Kasukuwere blocks sale of Barclays subsidiary

EMPOWERMENT minister Saviour Kasukuwere has blocked the sale of a Barclays Bank subsidiary, Custodial Financial Service, on grounds that the bank did not comply with indigenisation and economic empowerment regulations, businessdigest can reveal.

Impeccable market sources said Kasukuwere recently wrote to Barclays Bank Zimbabwe stopping a planned sale of the bank’s custodial business accusing the financial institution of ignoring regulations compelling companies to draw up an empowerment plan.
A custodian bank is a specialised financial institution responsible for safeguarding a firm’s or individual’s financial assets and is not likely to engage in “traditional” commercial banking such as mortgage, personal lending, branch banking and personal accounts.
According to the indigenisation regulations, gazetted early this year, foreign-owned businesses must dispose of controlling stakes in  companies valued at US$500 000 or above to indigenous Zimbabweans.
This week, Kasukuwere could neither confirm nor deny stopping the deal. Barclays Bank MD George Guvamatanga denied receiving a letter blocking the deal.
He said: “Barclays confirms that it submitted its application for the sale of its Custodial business to the Ministry of Youth, Development, Indigenisation and Empowerment, Hon.
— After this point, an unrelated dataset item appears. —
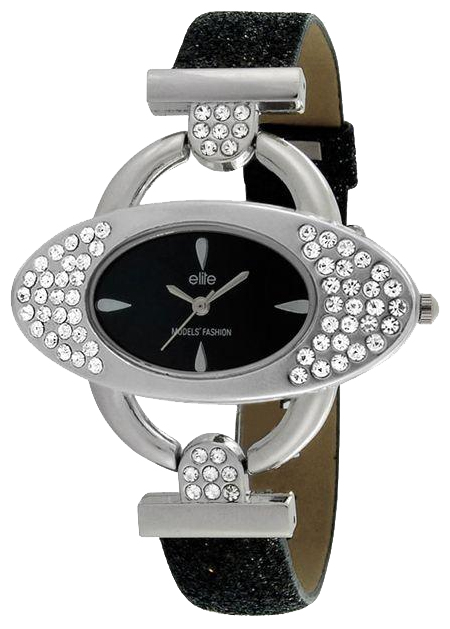 Wrist watch Elite E51652S-203 for women - picture, photo, image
S Kasukuwere on 26 May 2010. We have not yet received a response to our application.”
But sources maintained that Kasukuwere had blocked the deal.
“The minister has stopped the sale arguing that the bank was yet to submit its empowerment plan as outlined in the indigenisation regulations,” one of the sources said. “The minister has since written to the bank blocking the deal.”
Barclays sought approval to sell its custodial business in May. This comes after Barclays Bank Plc, the local bank’s parent company, agreed to sell its custody business in Africa to Standard Chartered.
Barclays Africa custody business had gross assets of £1,9 million and assets under custody of £3,862 million as of last December. The business is a pan-African securities and custody operation which employs 66 people and covers 16 markets from its operations in Botswana, Ghana, Kenya, Mauritius, Tanzania, Uganda, Zambia and Zimbabwe.
Barclays exited the global custody business outside Africa in 1998. The remaining custody business in Africa is profitable, but would benefit from the synergies a global operation could provide, the bank said then.
The sale is expected to be completed in 2010, subject to regulatory approvals and other customary conditions.